--- EXERCISE GOAL ---
Leave out all pictures and retype exactly the lines from the one with "SERVERINGSSKÅL samt SMÖRSNÄCKA, porslin." through the last line of the material.

.....

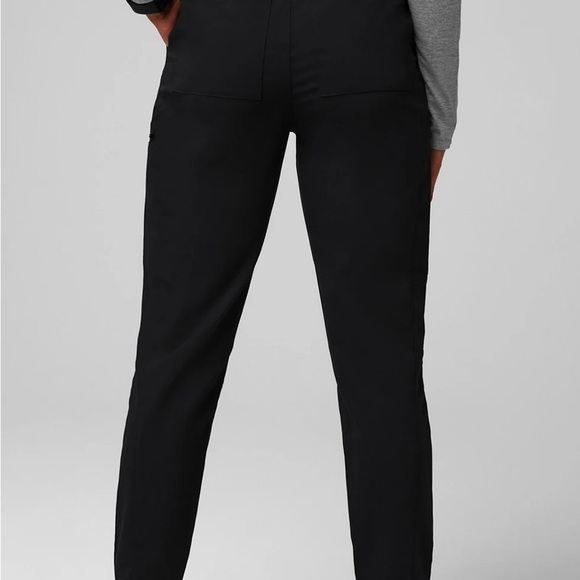 High-Rise On-Call Scrub Jogger - Picture 2 of 6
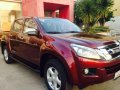 Isuzu D-MAX LS 3.0 4x4 AT Red Pickup For Sale -0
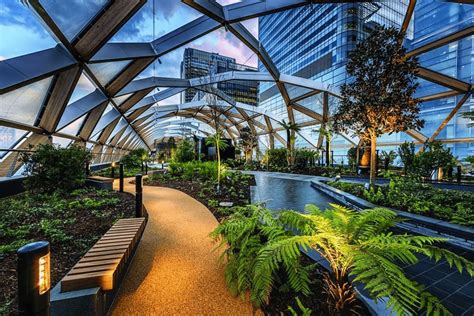 Crossrail Place Roof Garden Is A Peaceful Park In Canary Wharf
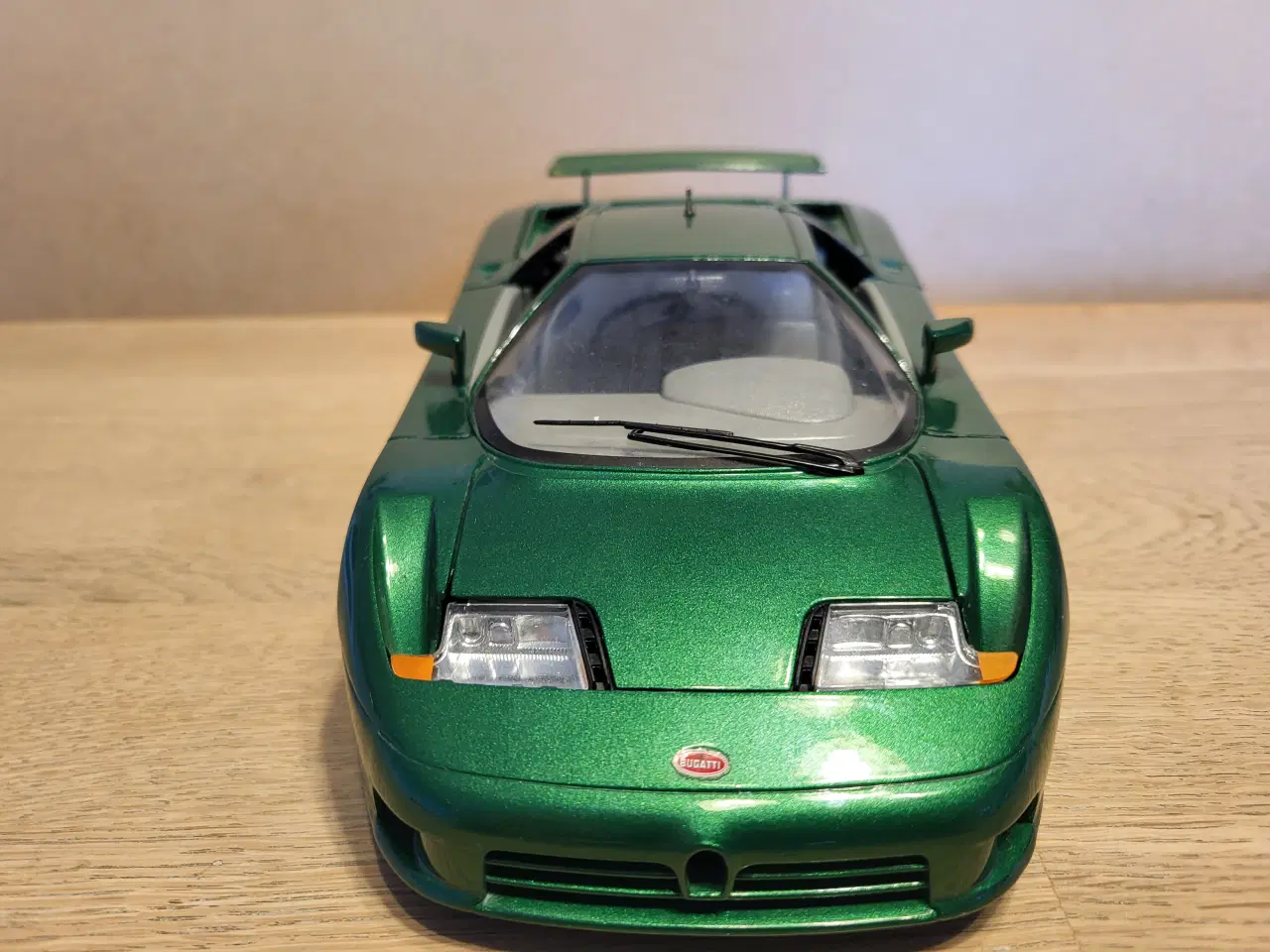 Billede 3 - Modelbil, Bugatti EB 110 (1991), skala 1:18 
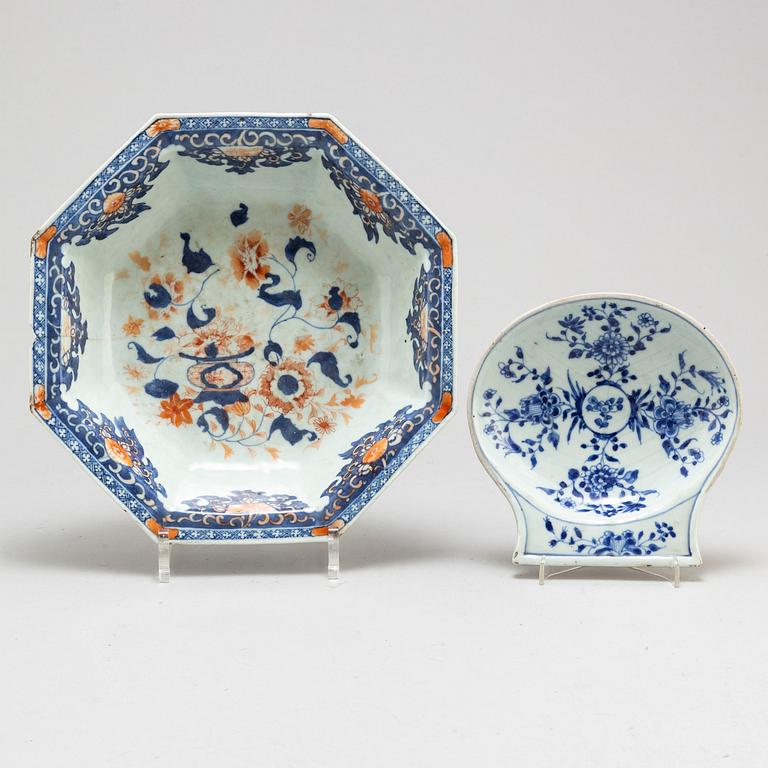 SERVERINGSSKÅL samt SMÖRSNÄCKA, porslin. Qingdynastin, 1700-tal.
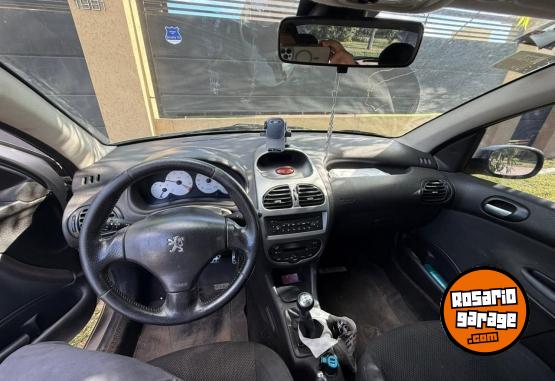 Autos - Peugeot 206 2007 Nafta 133000Km - En Venta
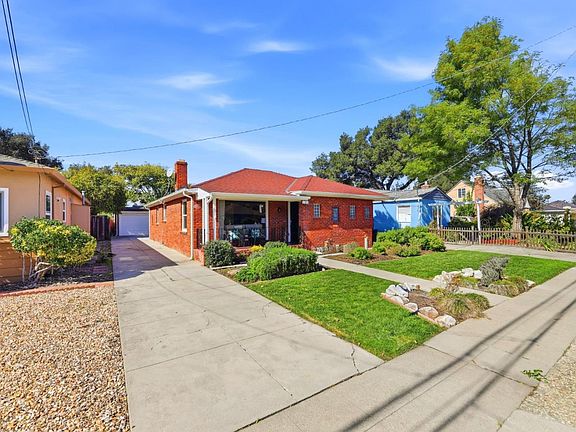 4th image of 181 Cleaves Ave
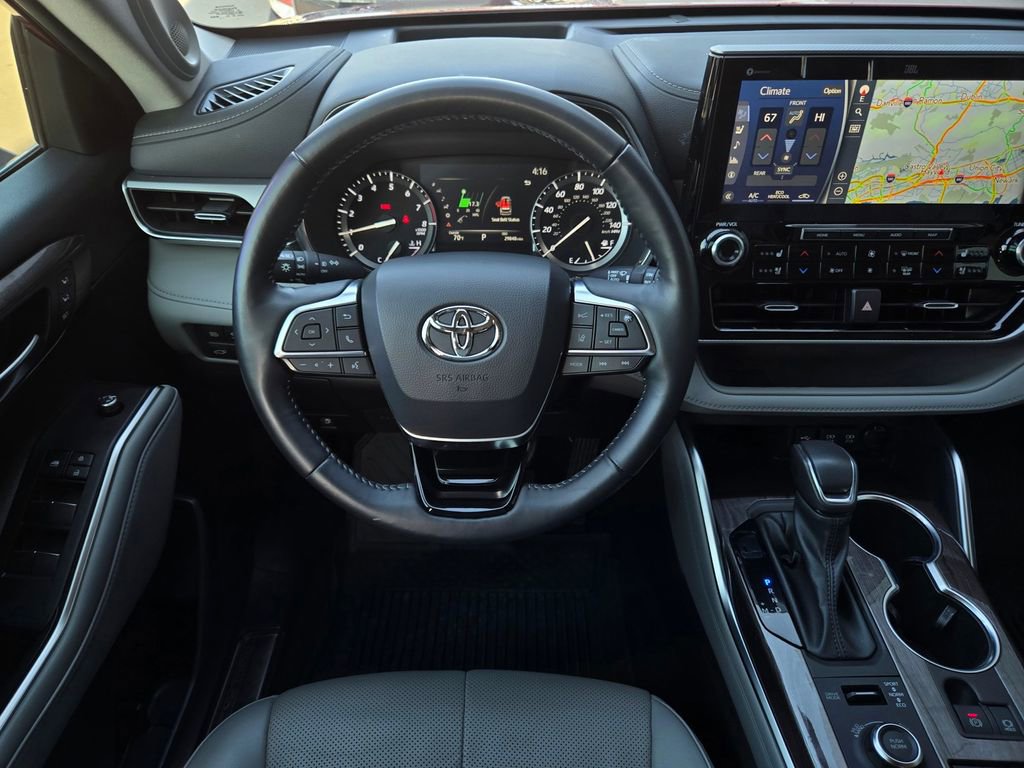 Used 2021 Toyota Highlander Platinum image 14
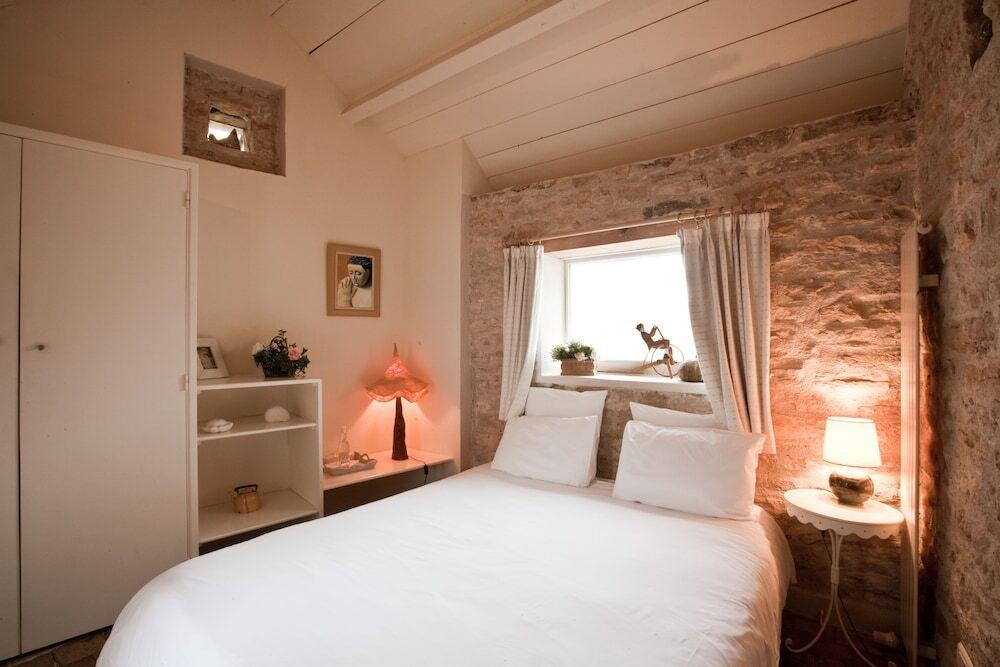 hotel image 16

.....

--- EXERCISE RESULT ---
 SERVERINGSSKÅL samt SMÖRSNÄCKA, porslin. Qingdynastin, 1700-tal.
 Autos - Peugeot 206 2007 Nafta 133000Km - En Venta
 4th image of 181 Cleaves Ave
 Used 2021 Toyota Highlander Platinum image 14
 hotel image 16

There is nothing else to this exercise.